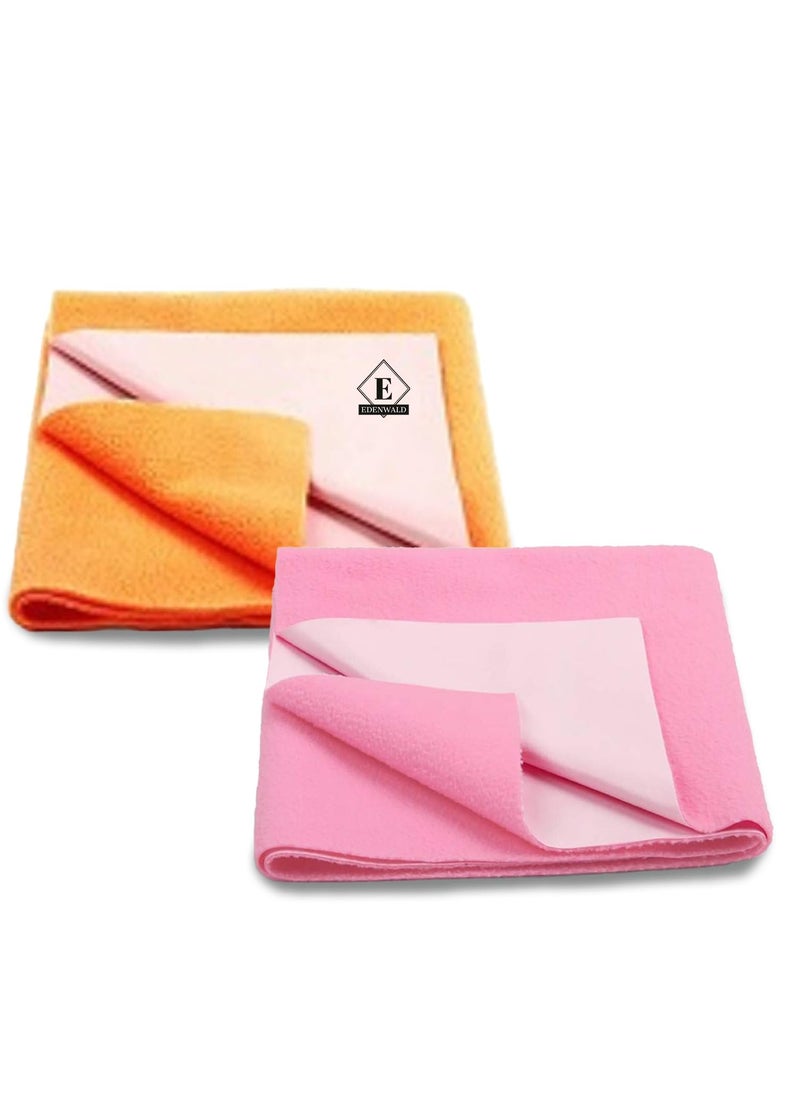 Edenwald Waterproof Quick Dry Sheet Pack of 2 sheet for bed wetting for baby PinkOrange_Double Bed Size 260cm X 200cm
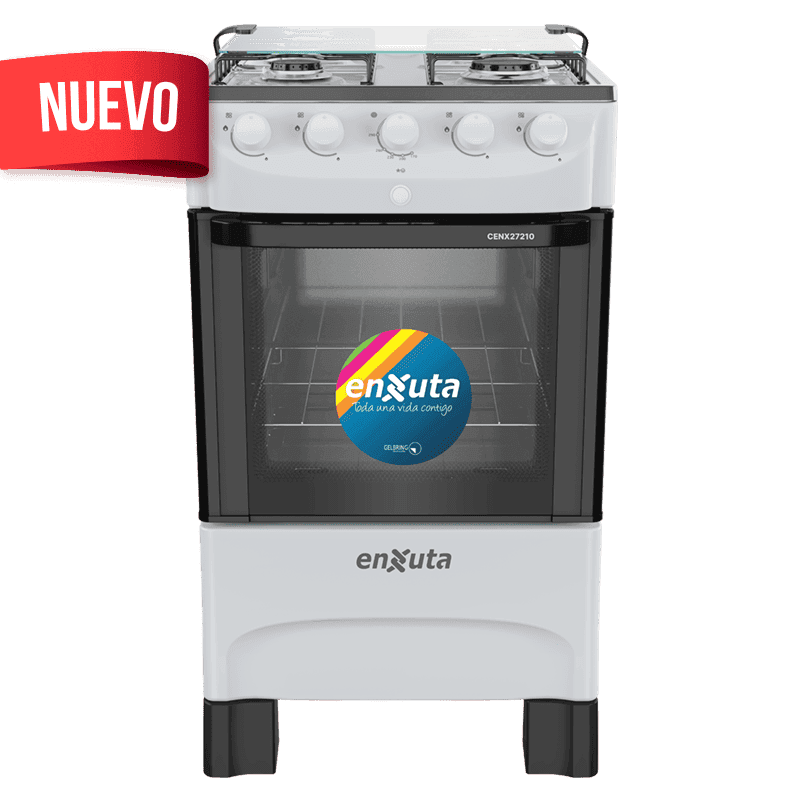 Cocina multigas Enxuta CENX27210W 4 quemadores mesada inox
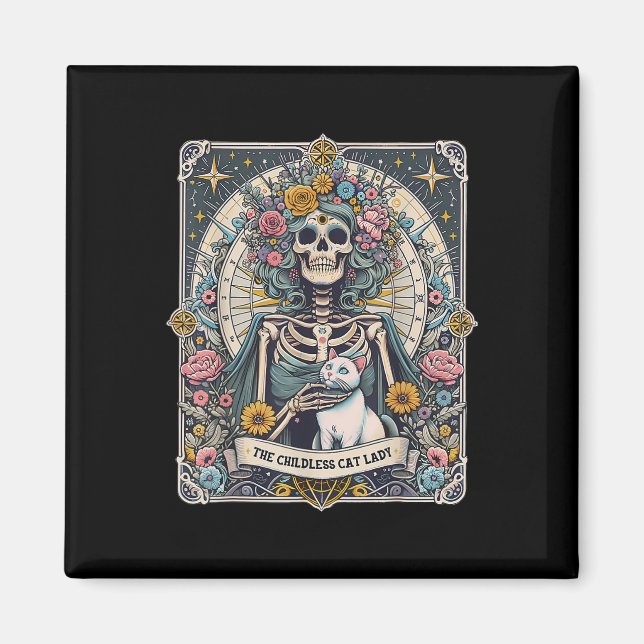 Aimant Carte de tarot de dame de chat sans enfants (Devant)
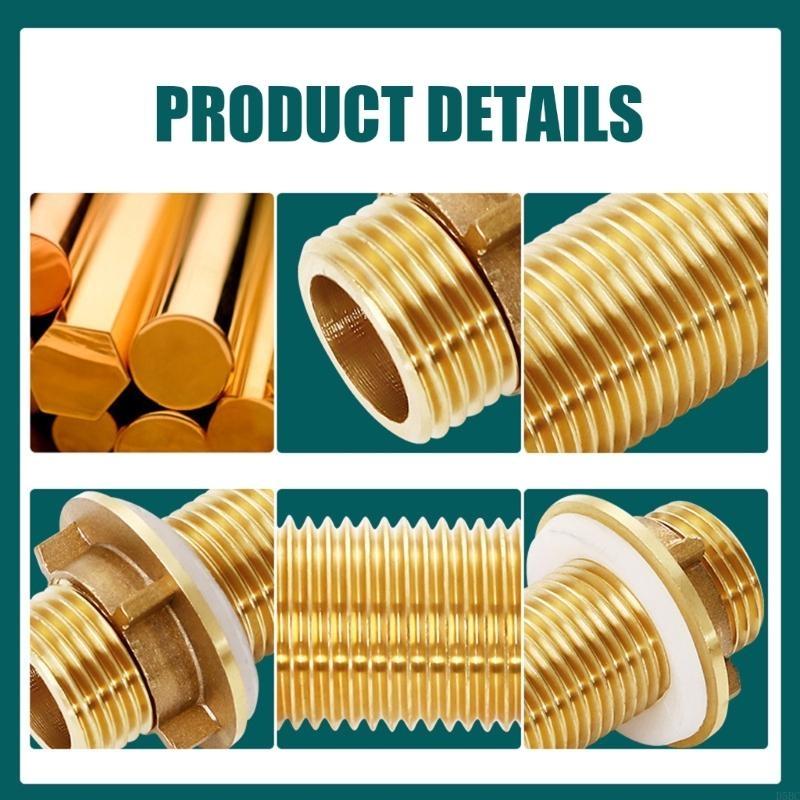 Brass Hose Bulkhead Fitting Connector Suitable for Water Tanks, Ensures Firm Installation Quick Repairs And Maintenance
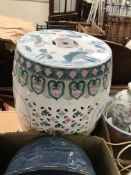Four boxes of assorted modern Chinese and other jardinieres, vases, etc.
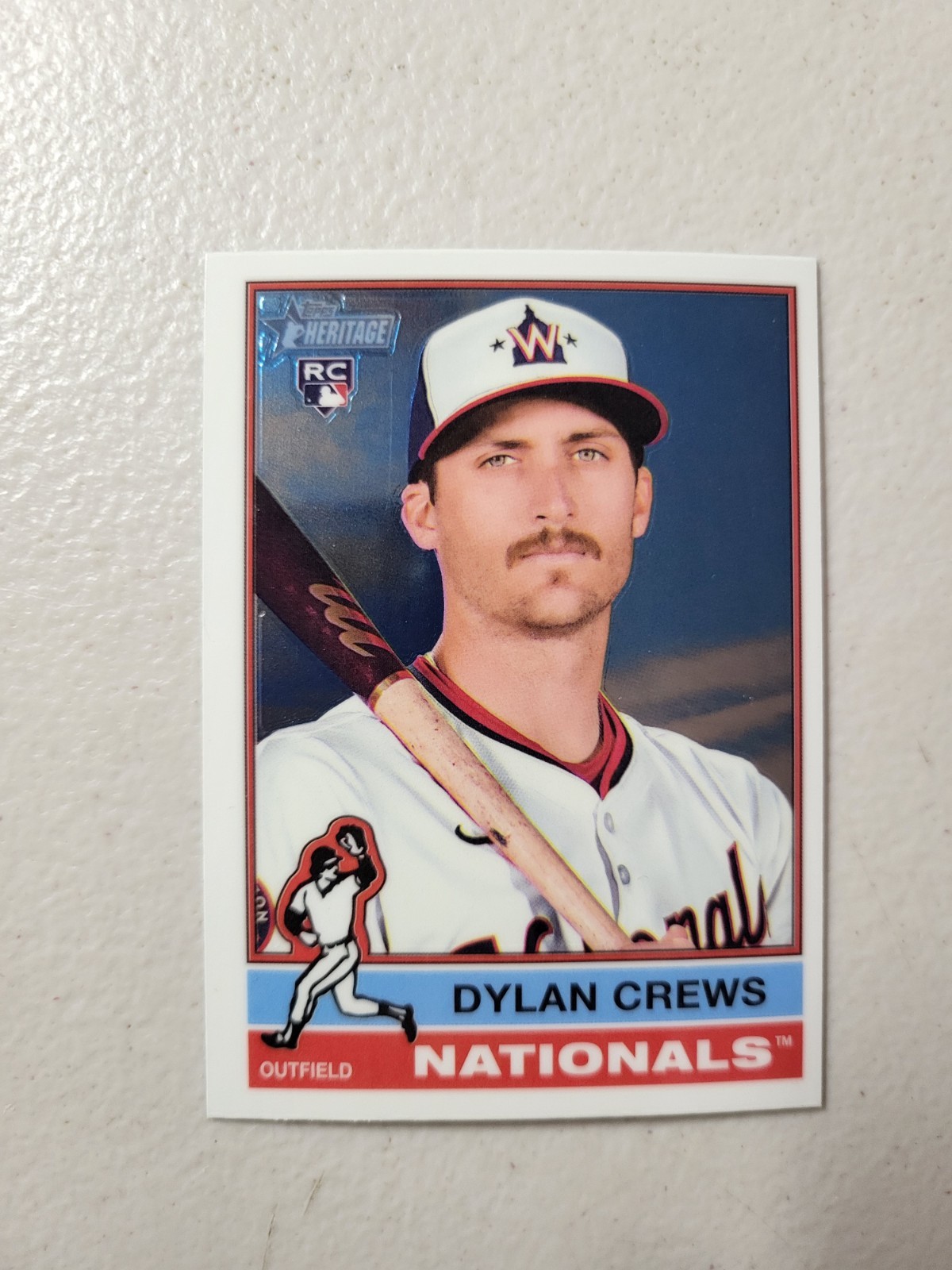 2025 Topps Heritage Dylan Crews #247 CHROME Parallel RC Washington Nationals NM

━━━━━━━━━━

■ **ACTIVITY**:
Every line from the one containing "Cocina multigas Enxuta" through the last line of the listing must be written out again exactly, and no other line. Leave the pictures aside.

■ **EXERCISE OUTPUT**:
 Cocina multigas Enxuta CENX27210W 4 quemadores mesada inox
 Aimant Carte de tarot de dame de chat sans enfants (Devant)
 Brass Hose Bulkhead Fitting Connector Suitable for Water Tanks, Ensures Firm Installation Quick Repairs And Maintenance
Four boxes of assorted modern Chinese and other jardinieres, vases, etc.
 2025 Topps Heritage Dylan Crews #247 CHROME Parallel RC Washington Nationals NM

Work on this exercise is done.